Now that I have a fig tree that just keeps on giving {during this time of year, that is} I've been hopping onto the web to find out ways to dry figs without actually having a dehydrator.  The problem seems to be that without a dehydrator one must use the oven and with the oven one must have an oven that goes as low as 170 degrees F, which of course as you know is rarely the case.  But the sites take this into consideration and suggest propping open the oven door during the duration of the drying process to lower temperature which of course takes many MANY hours.  I was beginning to think that drying figs would be great but actually doing it may be a huge problem and much too troublesome for me to actually try.  But after days of mulling it over in the back of my head I realized that I would just do it the old fashion way, sun-drying.  If drying figs in the oven would take many hours than surely I can stand a few more hours while these figs sun-dried naturally, plus I wouldn't have to be stuck around the house all day baking into a puddle of sweat as a result of a propped oven door.

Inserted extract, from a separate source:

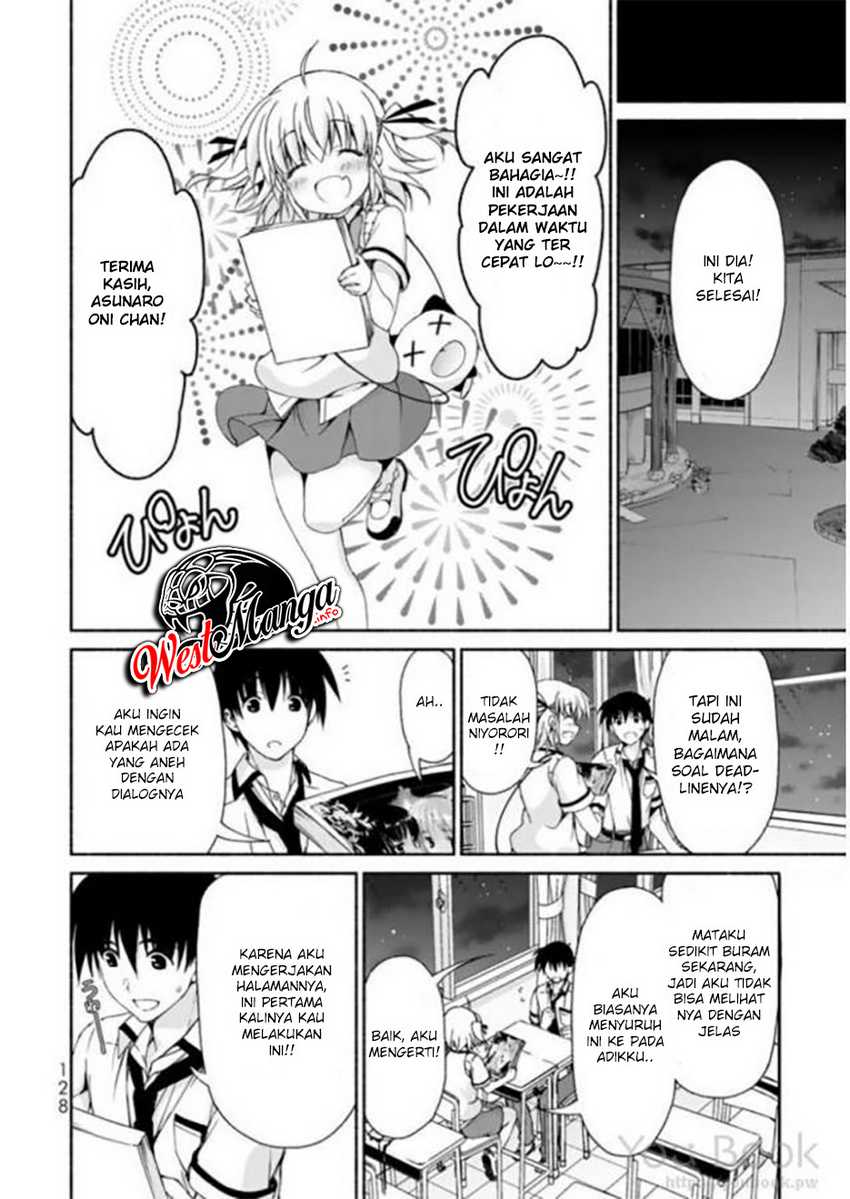 Renai Harem Game Shuuryou no Oshirase ga Kuru Koro ni Chapter 07 Gambar 41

I created my own little drying area for my figs, I know I know, it looks absolutely amateur, funny and not all too attractive but it does the trick.  I used my cooling baking rack to place the figs, as the baking racks have little feet it insures air flow all around the figs and not just on top {I'm no pro but I think this may be important}.  I used stray bricks to make a short wall, short because you want the figs to get as much sun as they can {shorter the wall, shorter the shade}.  Then I used a small window screen on top to shield the figs from bugs and birds and things while still allowing ample sunlight to pass through.

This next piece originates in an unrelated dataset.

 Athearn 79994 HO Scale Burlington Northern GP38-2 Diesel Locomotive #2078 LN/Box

I check my fig tree every couple days for more figs to try and dry, I simply add them straight to the drying rack after being washed.  I put out the figs on the racks in the morning when the sun is out and take the rack with the drying figs when the sun goes down to protect them from the night time moisture.  I've been doing this for about a week now and I can see the figs drying, withering away into robust flavor dried figs.


The figs aren't nearly dry enough to be considered dried figs but I went ahead and ate one today anyway just so that you can see what it looks like on the inside.  the fig has only been drying for a week in the sun so it wasn't completely dried, it was absolutely delicious all the same, the skin was pretty dry and wrinkly, the inside was beginning to get real jammy and gooey, and tasted of fig jam too!  Hence you don't even have to wait for the figs to completely dry to eat them, I believe they'll taste wonderful at any stage.  A little bit of blue cheese and half-dried jammy figs on a cracker would be pretty tasty {just a little tip}.


P.S.
A majority of the sites seem to say that the surest way to know your figs are fully ripe is if they fall from the tree.  If you've got a fig tree like mine where they just burst when they ripe and don't fall at all, pick the figs when they're just about to ripen and allow them to ripen fully on your kitchen counter, once ripe you can add them to the drying tray.